17. fwip ◴[19 Nov 24 17:57 UTC] No.42186330{3}[source]▶

>>42184949 #

I've been using it for about four or five years, and never experienced this behavior.

Current defaults: "By default, it will perform at least 10 benchmarking runs and measure for at least 3 seconds." If your program takes 1s to run, it should take 10 seconds to benchmark.

Is it possible that your program was waiting for input that never came? One "gotcha" is that it expects each argument to be a full program, so if you ran `hyperfine ./a.out input.txt`, it will first bench a.out with no args, then try to bench input.txt (which will fail).
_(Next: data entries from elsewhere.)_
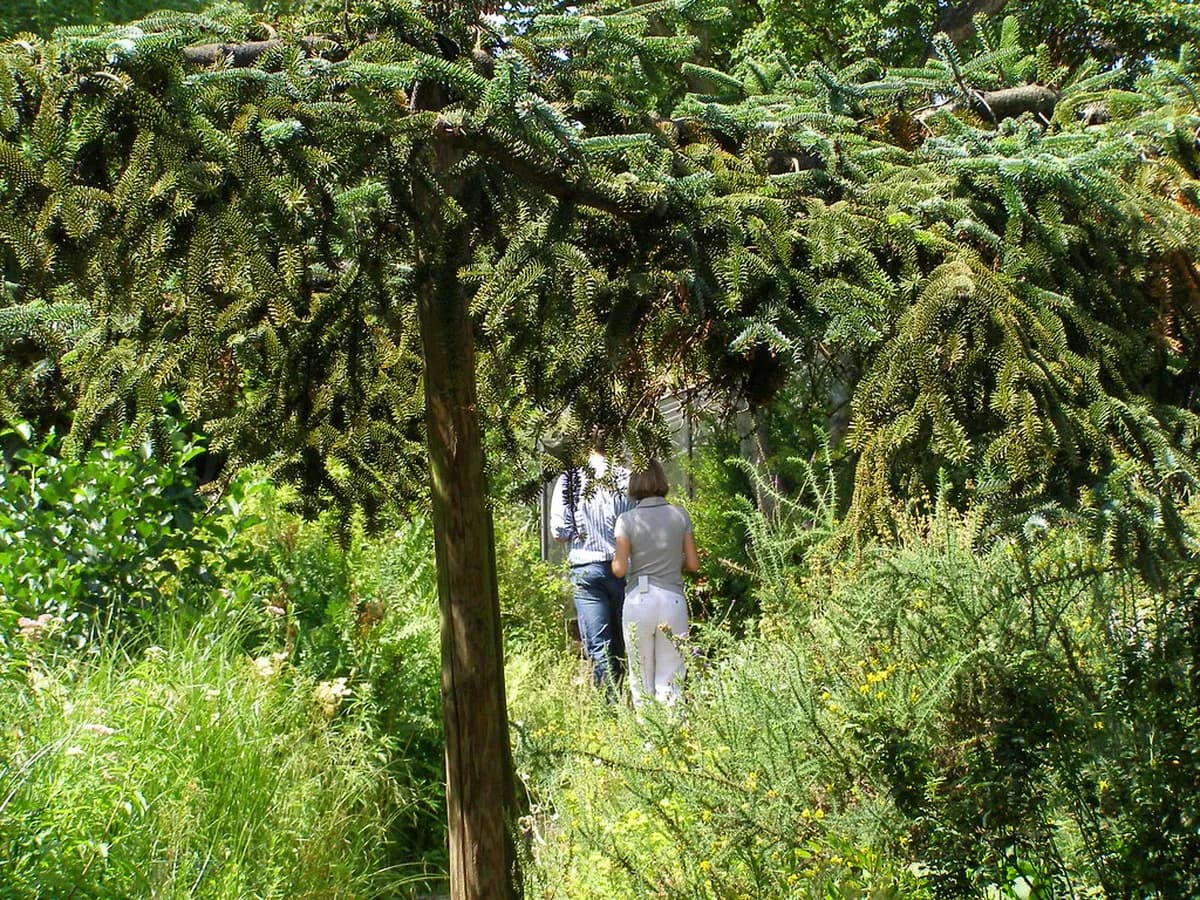Hortus Botanicus Amsterdam Visitor Guide: Plan Your Trip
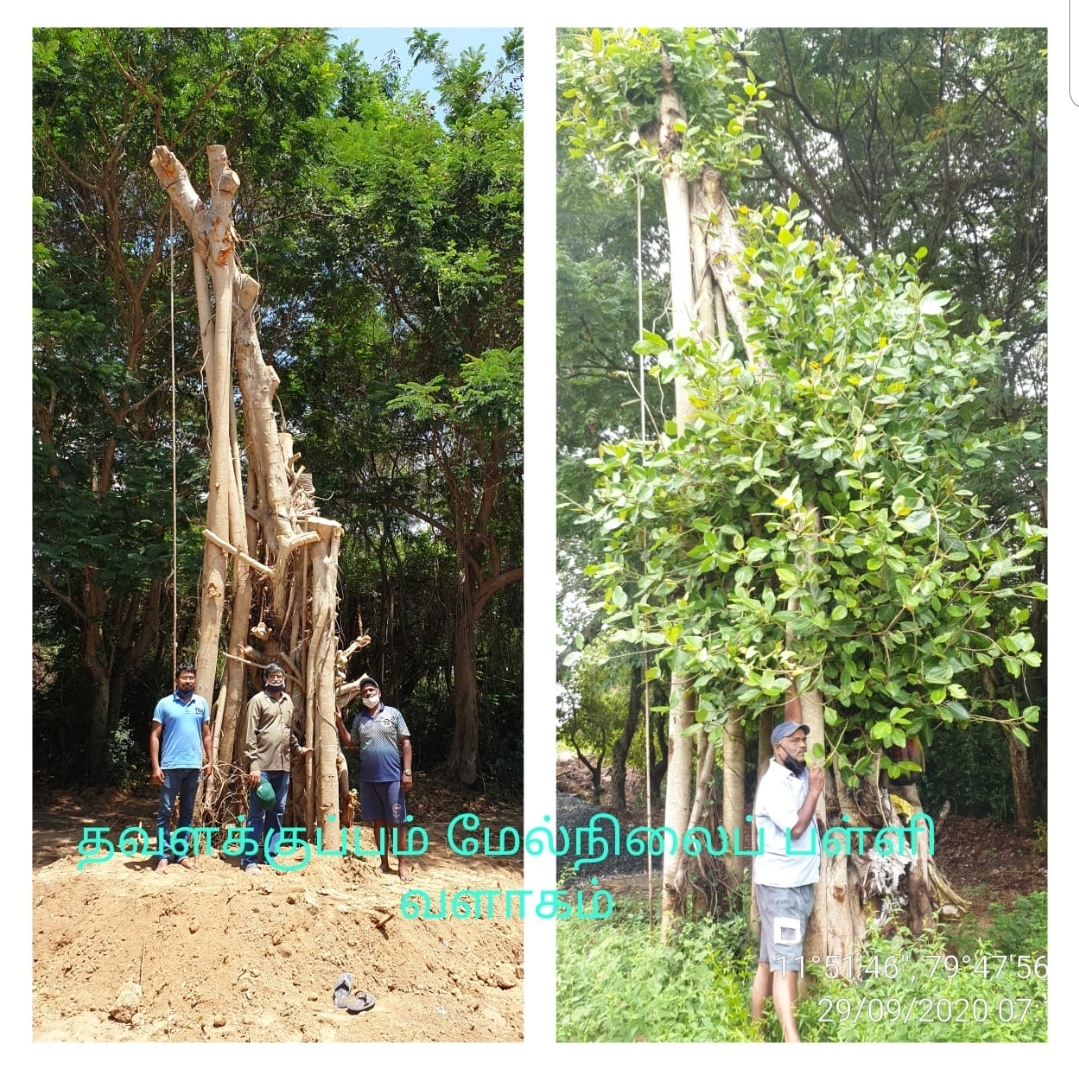 Tree Ambulance in Puducherry | Shifting & Replanting Old Trees | DSC Society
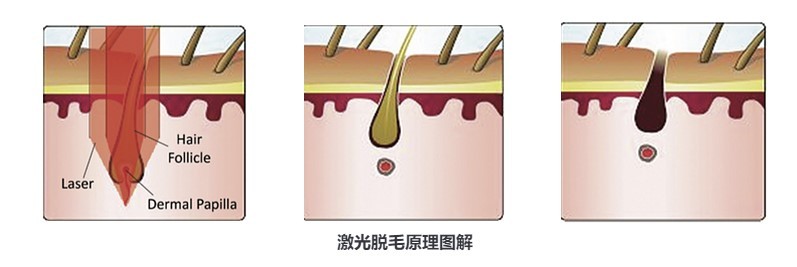 Dingtalk_20210410224953.jpg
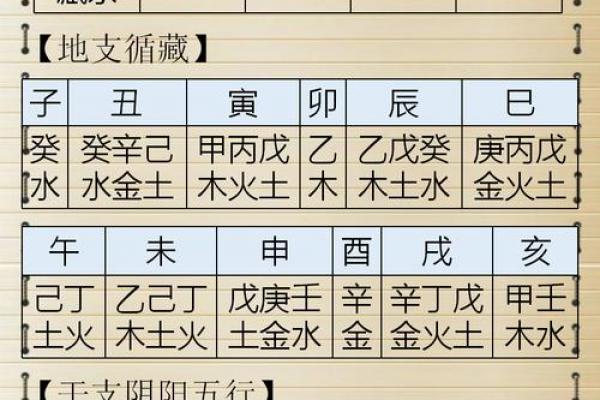 2024年11月19日出生八字五行命理 生辰八字查询 2024年11月19日出生八字五行命理 生辰八字查询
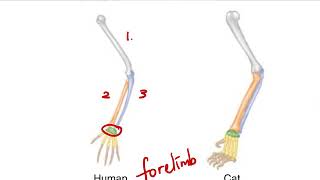 Ch30 Pentadactyl Limb [upl. by Okihcas]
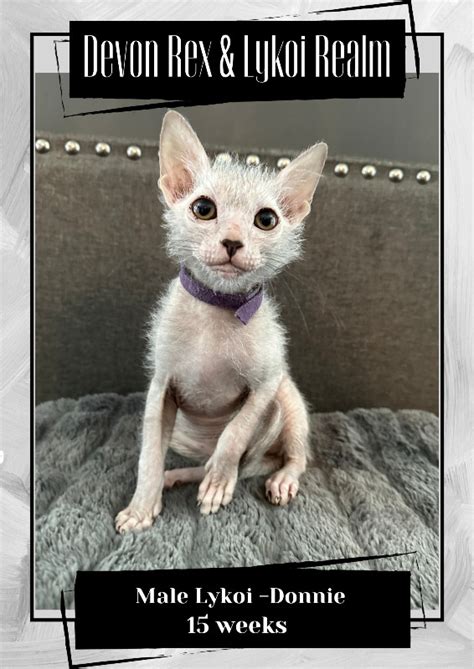 Lykoi Kittens | Cats & Kittens for Rehoming | Kamloops | Kijiji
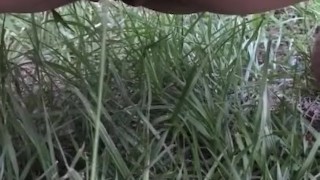 Pissing on the farm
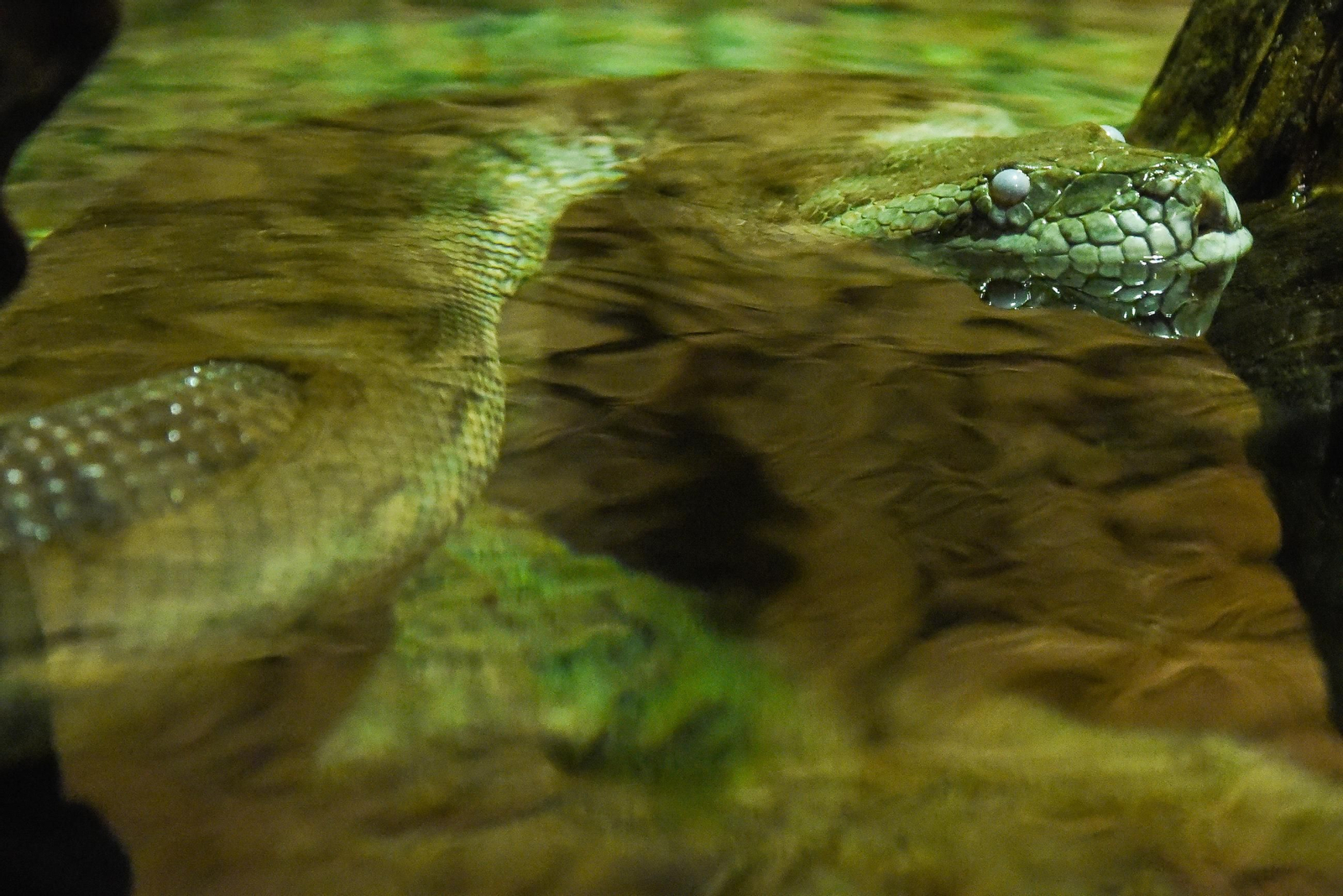 10 aniversario del Acuario de Sevilla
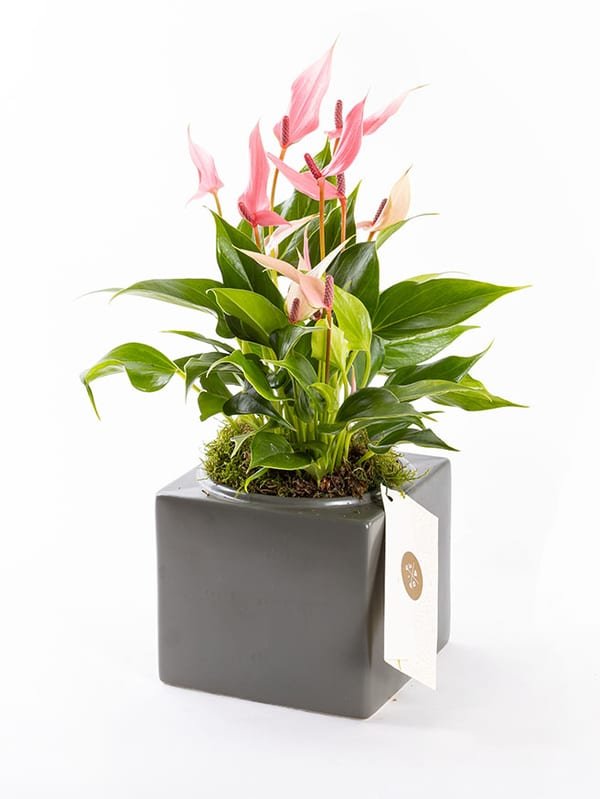 Lily Cubes — görsel 1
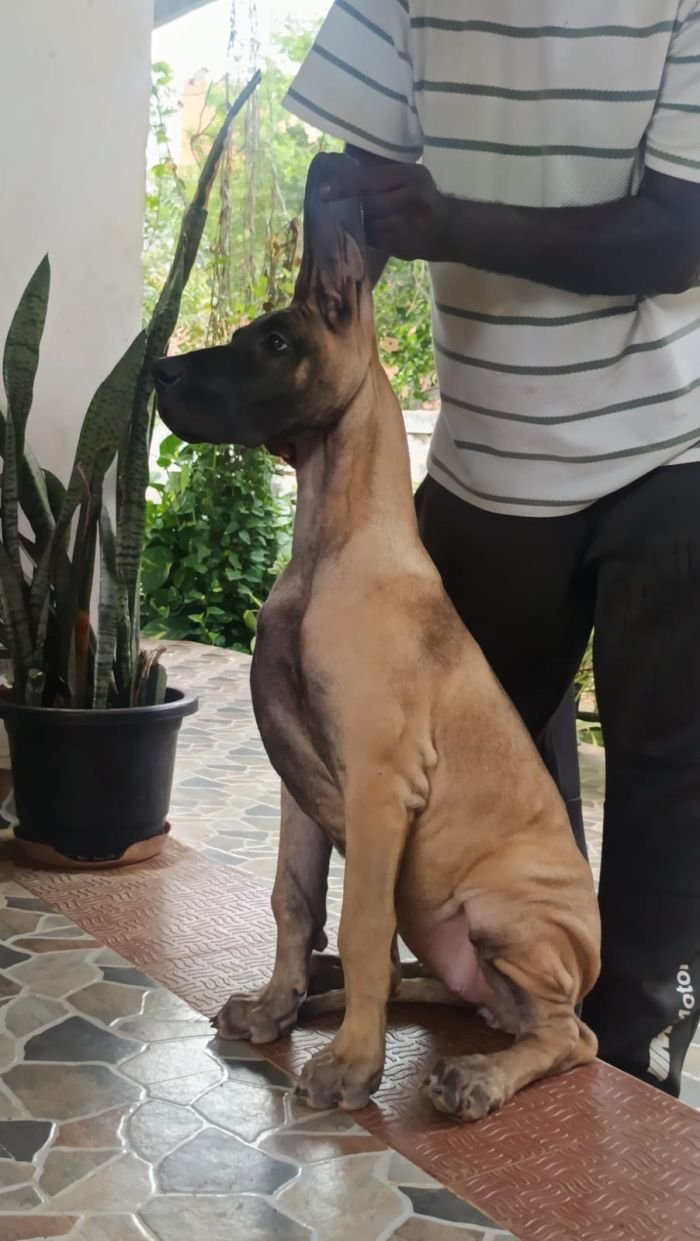 DogsIndia.com - Great Dane - Faithrot Kennels - Dr. Andrew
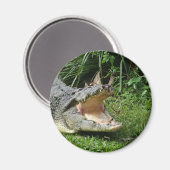 Aimant Crocodile (Recto/Verso)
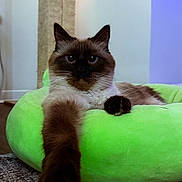 June joined the competition — help win amazing prizes! cat, fluffy, pet_bed, green_bed, indoor, stretching, paw, fur, animal, relaxed, portrait, feline, closeup, home, carpet, cute, domestic_cat, looking_at_camera, whiskers, ears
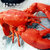 海洋世家 波士顿龙虾熟冻海鲜水产单只装 500-600g第4张高清大图
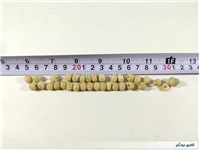 33 عدد مهره طرح دار ساخته شده از استخوان 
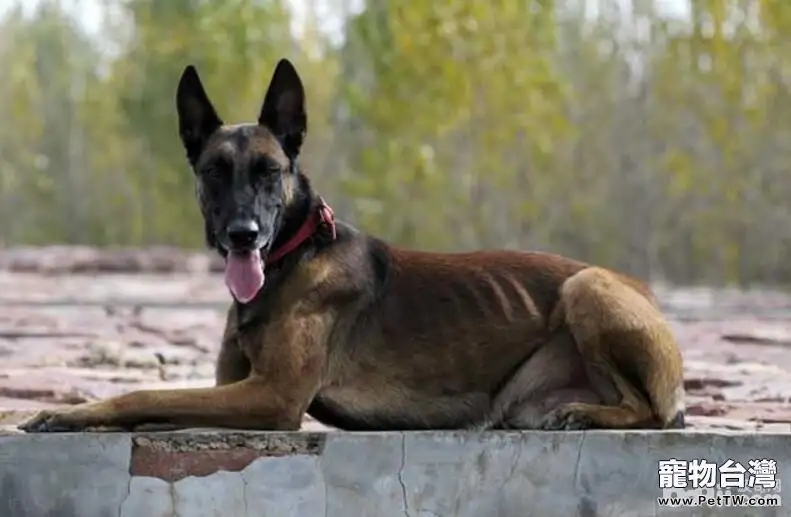 為什麼有人養馬犬馬犬有什麼優點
If a.out reads from stdin when no argument is given, then it would hang forever, and I can see why you'd give up after a half hour.

replies(1): >>42186830 #

18. sharkdp ◴[19 Nov 24 18:50 UTC] No.42186830{4}[source]▶

>>42186330 #

> Is it possible that your program was waiting for input that never came?

We do close stdin to prevent this. So you can benchmark `cat`, for example, and it works just fine.

replies(1): >>42187384 #

19. fwip ◴[19 Nov 24 19:51 UTC] No.42187384{5}[source]▶

>>42186830 #

Oh, my bad! Thank you for the correction, and for all your work making hyperfine.